I have to stress that this is a comment relating to the balance of astrological practice , I'm not suggesting that there's no personality assessment in Jyotish or that there's no forecasting in modern Western approaches (though the object of forecasting is often not so much external events but psychological states)
Mystic Zyl said:
But I believe it is all what you have been trained in and are comfortable with. I also like chinese, too. I think they all are good. I like western because I have studied it for 37 years and it just a comfortable energy for me.

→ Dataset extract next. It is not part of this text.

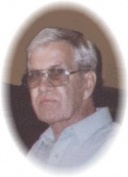 Robichaud, Raymond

Yes I think that is a very important point. Changing your system of approach is extremely challenging and there's a cultural dimension too - trying out an approach that has little point of contact with what you are used to can be very daunting. And if you are currently practising Astrology in a way that is productive for you, then there's no real reason to change.
For the minority of us who started out in the Modern Western approach but found it unfulfilling, Jyotish used to hold an attraction as an alternative. Over the last twenth years there's also been more research into and partial reconstruction of the earliest systems of Western Astrology.
So from a personal point of view, my answer is Traditional Western Astrology, but then I'm now reasonably comfortable with it and I'm very interested in it's origins, so I'm willing to step outside my comfort zone to explore more. If I were Indian, then I think I would be heavily into Jyotish and I don't think I'd consider changing.